Available data
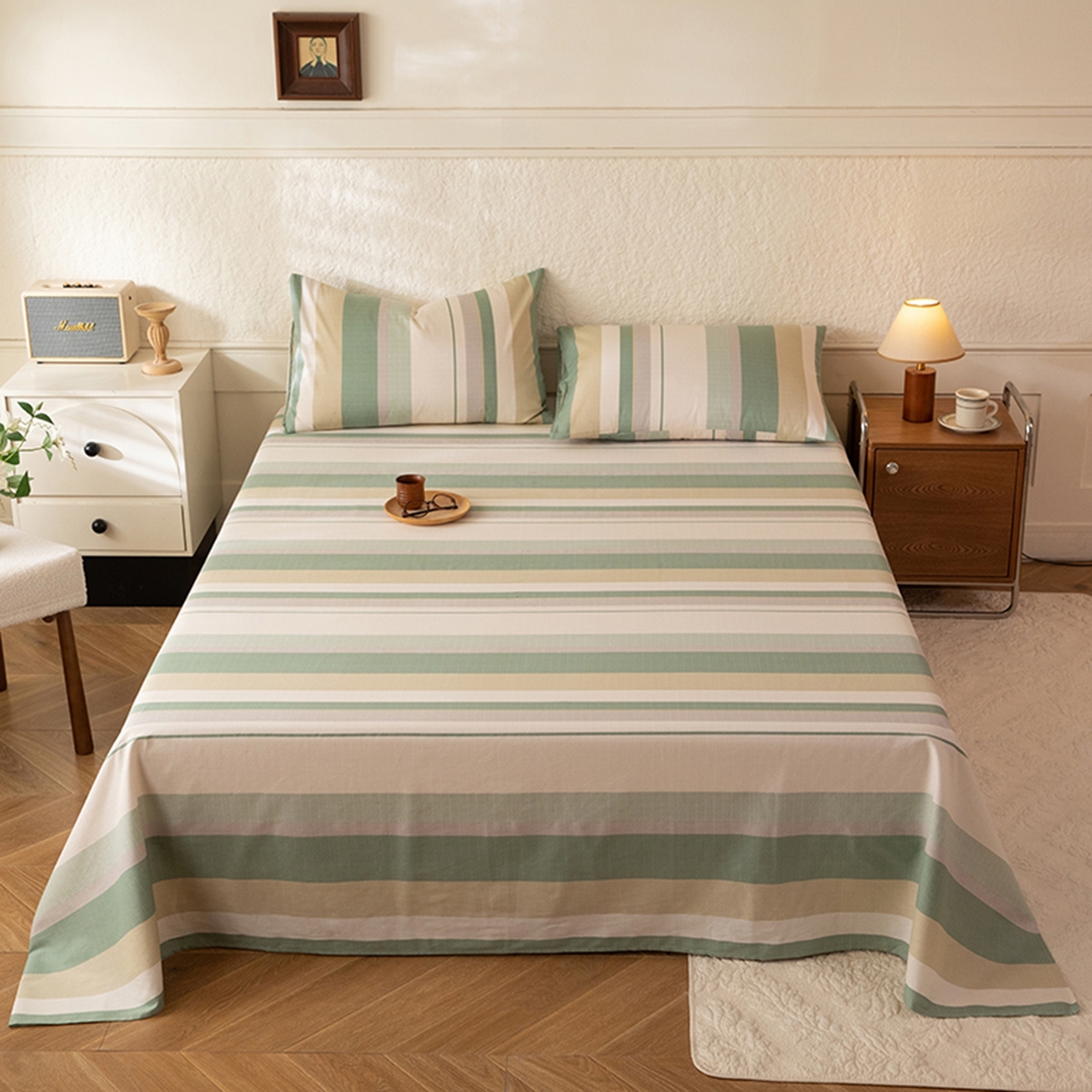 91家纺网 家纺一手货源 找家纺 八十八家纺 2026新款无印风全棉纯棉斜纹条格单床单床单单件单品床单 木春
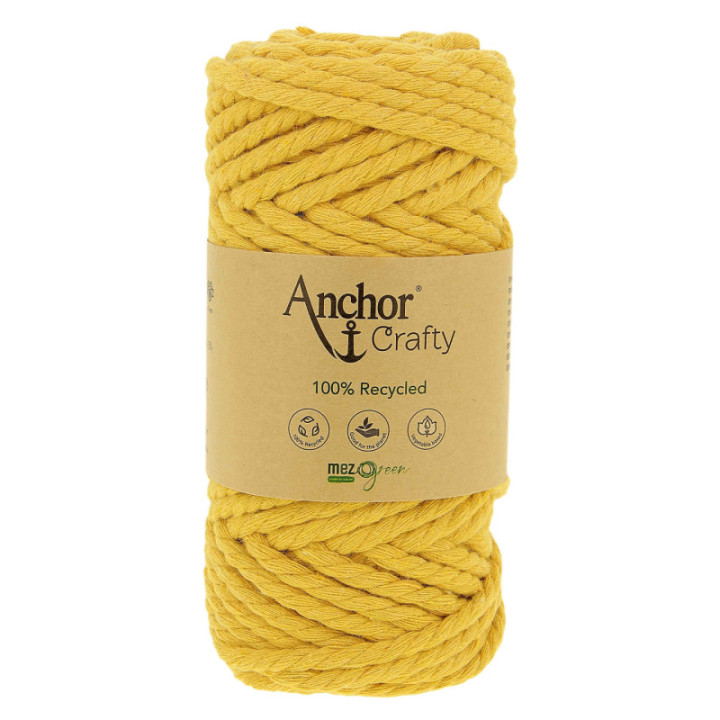 Pelote de fil pour macramé Anchor Crafty coton polyester moutarde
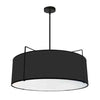 Dainolite Trapezoid 4 Light Pendant Drum Black Shade White Fabric Diffuser Lamp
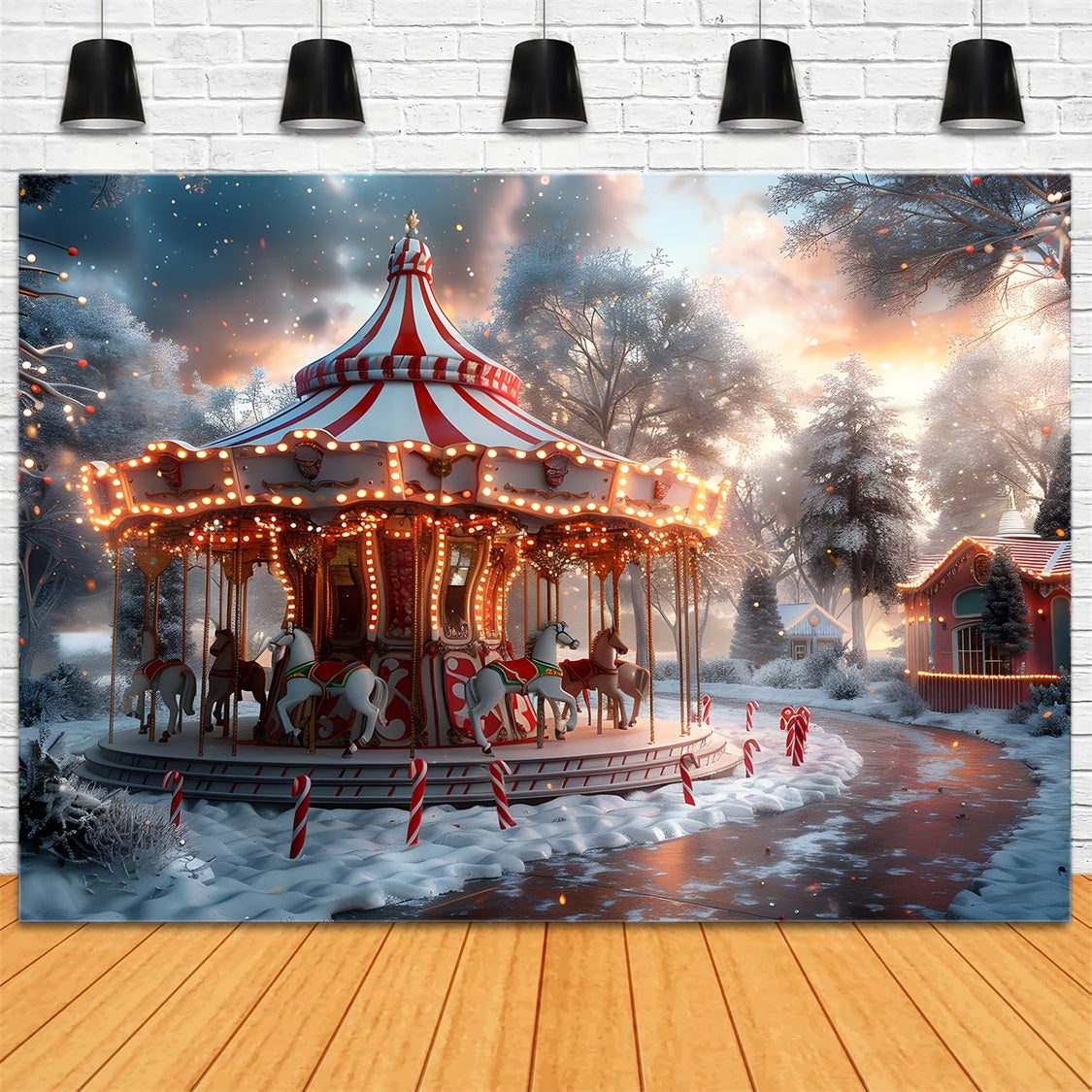 Christmas Carousel Dusk Winter Wonderland Backdrop RR7-675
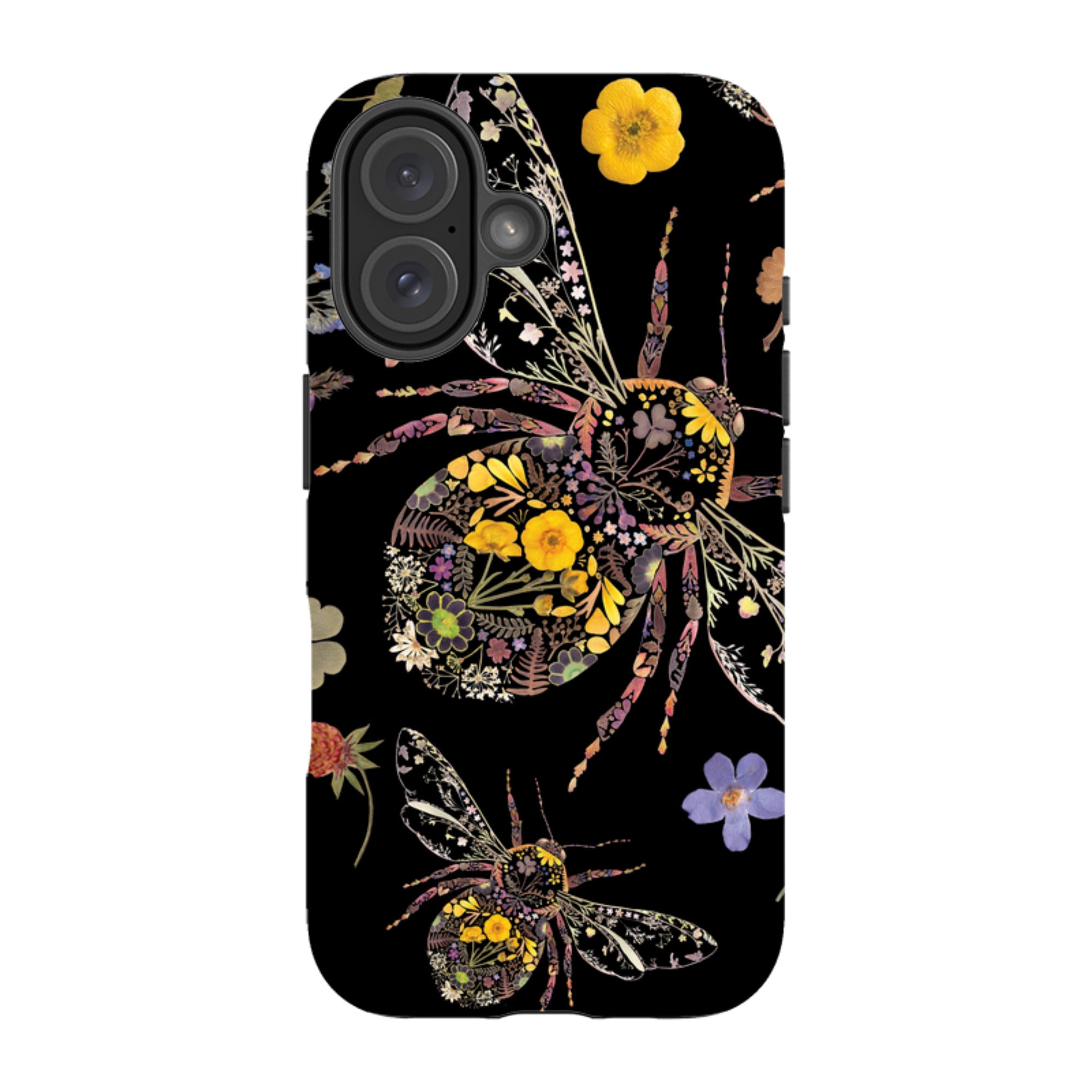 iPhone MagSafe Tough Case -  Floral Bumble Bees By Helen Ahpornsiri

Exercise prompt
Please repeat exactly the lines from the one containing "Christmas Carousel Dusk" through the last line of the records, both included, and leave out the pictures.

Task output
 Christmas Carousel Dusk Winter Wonderland Backdrop RR7-675
 iPhone MagSafe Tough Case -  Floral Bumble Bees By Helen Ahpornsiri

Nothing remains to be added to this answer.